12.28.2007

Best of

What a peculiar year. I didn't read as many novels as I usually do. I didn't purchase as much music as I usually do. I travelled a bit, but not as much as I would have liked. I went to a few art openings. I saw a few films, but overall, 2007 was a pretty mellow year.

So here's my roundup for the year.

Best Live Shows - Trentemoller at Neumo's, Seattle - Its hard to put into words the electric energy of this show. Just an all around great night and a Monday to boot.
Booka Shade at Mezzanine, San Francisco - My only wish for this show was that it was about 2 hours longer, but seriously, these guys proved why they are international superstars.

Best Movies
INLAND EMPIRE - Once again, David Lynch blew my mind. He creates moody works that are inexplicable and demand viewing. Therefore, I won't try to explain it.
No Country for Old Men - The most accomplished work of the Coens.
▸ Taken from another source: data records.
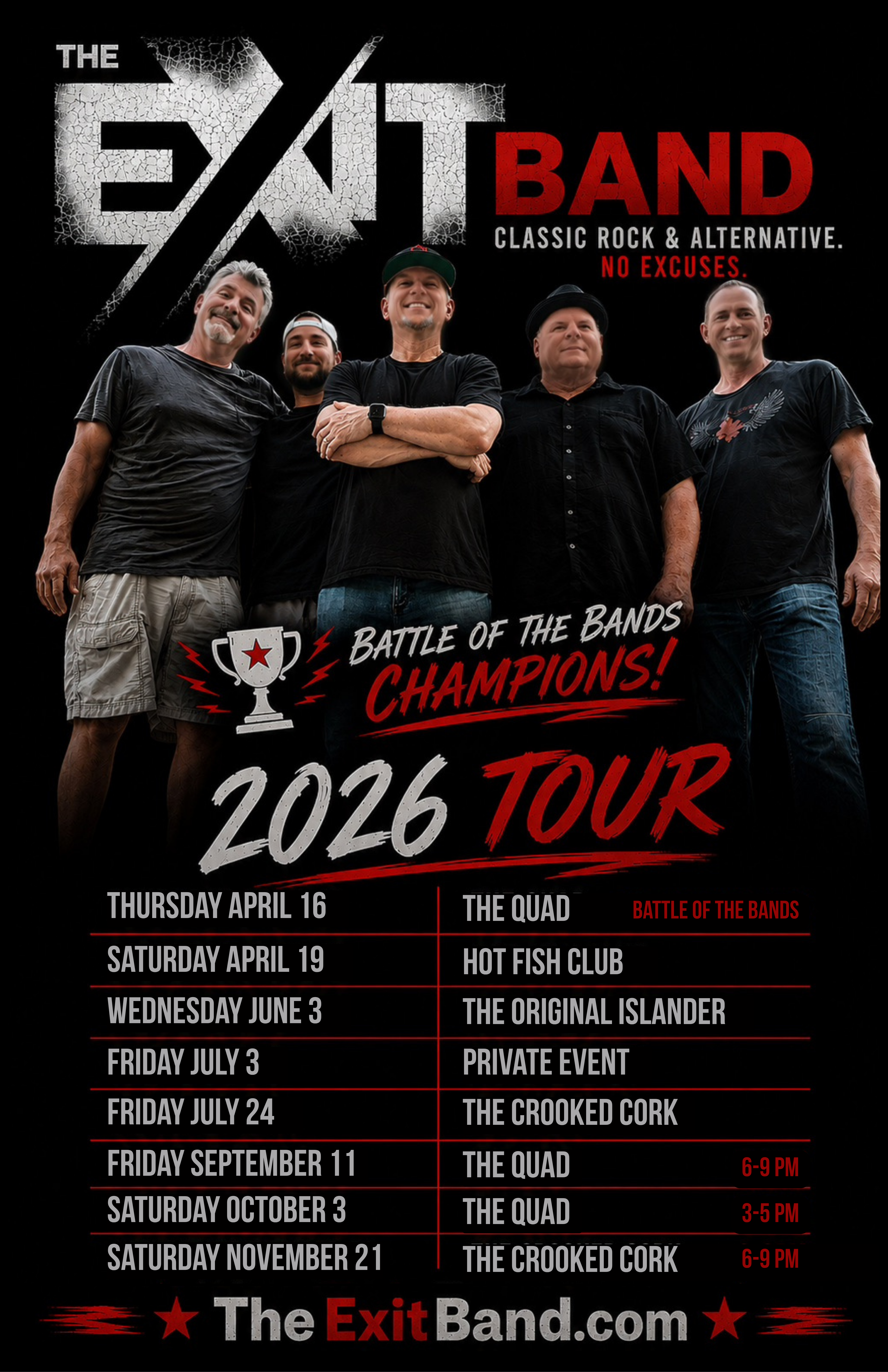 The Exit Band tour dates poster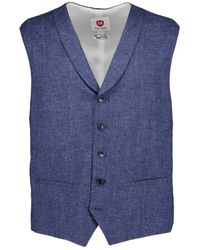 CLUB of GENTS - Kostuums ,Blauw ,Katoen Blauwe Gilets - Lyst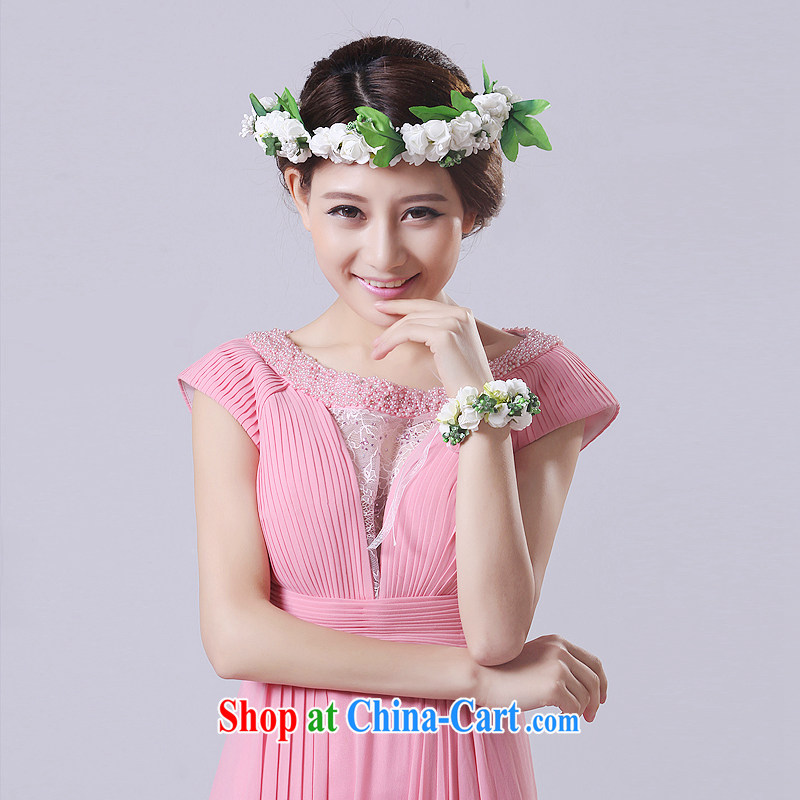 Time his Korean bridal headdress garlands bridesmaid wedding jewelry hair accessories flower white wrist garlands and ornaments photo building a fixture white, time, and shopping on the Internet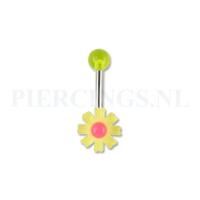 Navelpiercing acryl bloem geel met roze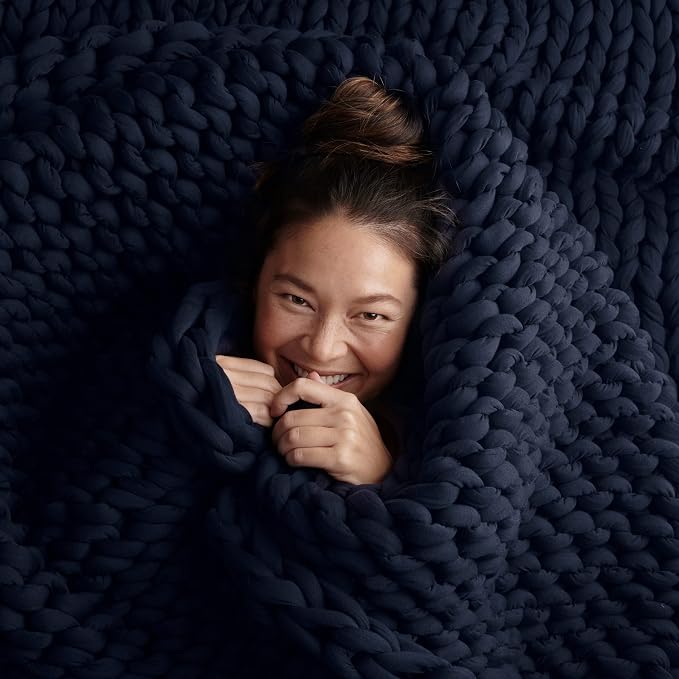 Bearaby Cotton Hand-Knit Weighted Blankets by Bearaby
Still behind The Big Lebowski in terms of all-time favorites, but a nearly perfect film. During Tommy Lee Jones' final monologue, all of the events of the film shifted in my head and all of a sudden, I was thinking about the existential dilemma. Whoa. Heavy.
Eastern Promises - It took me a long time to see it, but it was well worth the wait. A heavy, dark film that still holds that crunchy, organic Cronenberg feel. Plus, a super-hot bath house fight scene featuring a nude Viggo Mortensen.
Zodiac - This movie haunted me. I can still picture the close-up of the college student's face as the Zodiac killer forces her onto her stomach and then stabs her. More mature than all of Fincher's previous work. I really liked how the investigator's obsession became the focal point of the final third of the film.

Best Books
I didn't read any. I did listen to American Fascists, God is Not Great, The God Delusion, and No Country for Old Men. I started The Prestige (probably in 2006) and I've only got a couple pages left. Maybe I'll get around to it. What else . . . oh, I read the Buffy comic. God I suck.

And Best Music -
The best mix this year has to go to Sean Wolcott for his DJ Set 2. There are so many killer tracks on there and so many kitschy tracks on there. Everyone who came over to my house had to listen to Male Stripper and Ultimate Warlord.
I don't think I bought any albums, really, just tracks.

Man, an odd year indeed.

6 comments:

Anonymous said...

I can't believe you didn't read any books. Its like I don't even know you anymore.
Tennille

jeremy said...

Yeah, its bad. I admit it. You know, I used to read every night before I went to bed.
Reading before bed isn't nearly as nice when the sun's still up. I used to read on the bus, but lately I've taken to motion sickness.
So mainly, I listen to books at work. I find myself reading more short fiction and interesting articles.
I think the best think I read all last year was Susan Orlean's piece about oragmi in the New Yorker.
I get really fried reading any one author any more. I get bored by their sentence construction and vocabulary. There hasn't been anyone as exciting as David Mitchell or Haruki Murakami to excite me. (Even both of their last works were borderline for me).
So I hardly read last year. Maybe when there's something worth reading, I'll read it.

Anonymous said...

yes, sentence construction is stoopid. Everything should be written a la lolcats. Me iz thunkin jeermy need care pckages full o books!

Anonymous said...

yeah, you started the Prestige before I met you. And fine, I just won't bring you any more Buffy :P

Adam said...

Inland Empire was the only movie that I turned off and said, "I just can't watch this anymore." Although I LOVE Laura Linney with every fiber of my being and I thought she was amazing in Inland Empire, Brad and I bust out laughing when she says, "His name was Crimp." I mean WTF? That movie was way too "concept" for me although I think it had some good bones. I watched Mulholland Dr. afterwards to wash away my confusion. Mmmm Mulholland Dr.....

Thomas said...

^^^ I think you mean Laura Dern.

I enjoyed INLAND EMPIRE (though i didn't fall in love with it) and I laughed out loud at the WTF-of-it-all more than a couple of times. I'm going to remember some of those scenes forever. Still not sure about that credit sequence--I loved it, it's undeniably great, but still something makes me want to reject Lynch's using "Sinnerman" in that way.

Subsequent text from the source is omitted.